Another approach aiming for a cacheline optimization is the BW-Tree [16] by Levandoski et al. which is optimized for high concurrency by facilitating atomic compare and swap operations instead of locks. A further direction of research is to facilitate the data-parallel features of modern hardware to improve the search operation within the tree nodes. The Fast Architecture Sensitive Tree (FAST) by Kim et al. [13] and the k-array search based approach by Schlegel et al. [21] use SIMD operations to speed up search operations. While it was shown that both trees provide improved search performance, they were designed as read-only index lacking update operations. Another approach to speed up the search operation is to use trie-based index structures [9]. However, a major drawback of tries is the worst-case space consumption. The Adaptive Radix Tree (ART) [15] by Leis et al. represents a trie variation dedicated to modern hardware, which mitigates this worst-case space consumption by using adaptive node sizes as well as a hybrid approach for path compression. Moreover, the authors showed that the ART tree is able to outperform FAST and under certain conditions also hashtables. Another approach based on tries is the Masstree [17] by Mao et al., which is a trie with fanout \(2^{64}\) where each trie node is represented by a \(B^{+}\)-Tree storing an 8 byte portion of the key. This design results in good performance for long shared prefixes.

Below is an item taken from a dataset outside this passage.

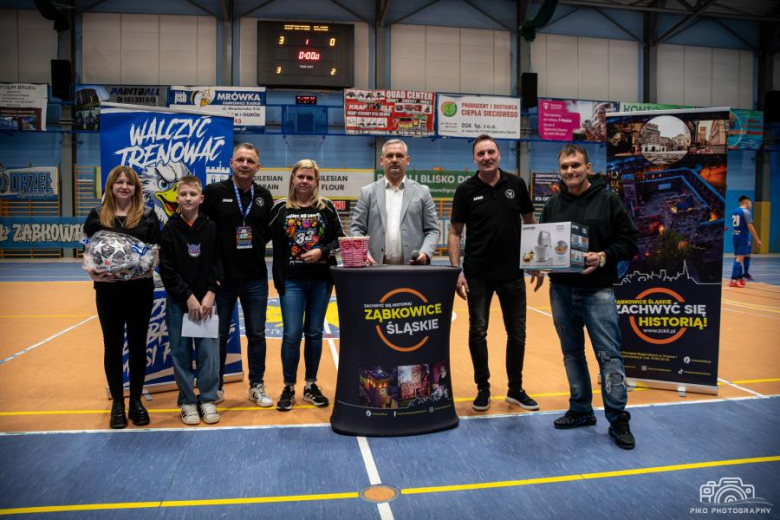 Lokalne drużyny pokazały wielkie serca - turniej charytatywny Orzeł Cup 2026! Gospodarze najlepsi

In the domain of index compression techniques several different approaches to compress the index part as well as the file part of B-Trees were developed. The reason is that the performance of index structures is heavily bound by the branching factor. A common compression scheme related to the compression of the index part is prefix or rear compression. The prefix B-Tree [4] by Bayer and Unterauer uses prefix compression on a bit level to only store partial keys in the index part of the tree. Furthermore, they soften the B-Tree properties to select partial keys with the shortest length. Bohannon et al. extended the concept of partial keys in their pkT-trees and pkB-trees [6] to improve cache and search performance. In the index part they use fixed size portions of the prefix to optimistically compare with the search key. If the comparison cannot be performed, a pointer to the full index key is dereferenced. The authors point out that the partial key is superior in terms of performance for larger keys only. While this scheme improves the cache-line utilization, it imposes a memory overhead due to the overhead of the pointer as well as the partial key itself. A more recent approach for using partial keys was incorporated in FAST [13]. It compresses the index keys by applying a SIMD based approach to only store those bits that actually differ.

3 DCB-Tree

In this section, we present the Delta Cache Conscious B-Tree (DCB-Tree). The major goal of the DCB-Tree is to store fixed size keys of sizes up to 8 bytes in the DCB8-Tree and keys of up to 16 bytes in the larger DCB16-Tree. Further aims of the DCB-Tree are a low memory footprint, update ability and taking cache hierarchies into account to provide decent performance. The two variations DCB8-Tree and the DCB16-Tree differ only in the underlying integer type. The reason that two versions exist, is that the 8 byte integer type is mapped to a native data type and therefore provides better performance compared to the custom 16 byte integer type. In the following, we will use the term DCB-Tree synonymously for both the DCB8-Tree and the DCB16-Tree.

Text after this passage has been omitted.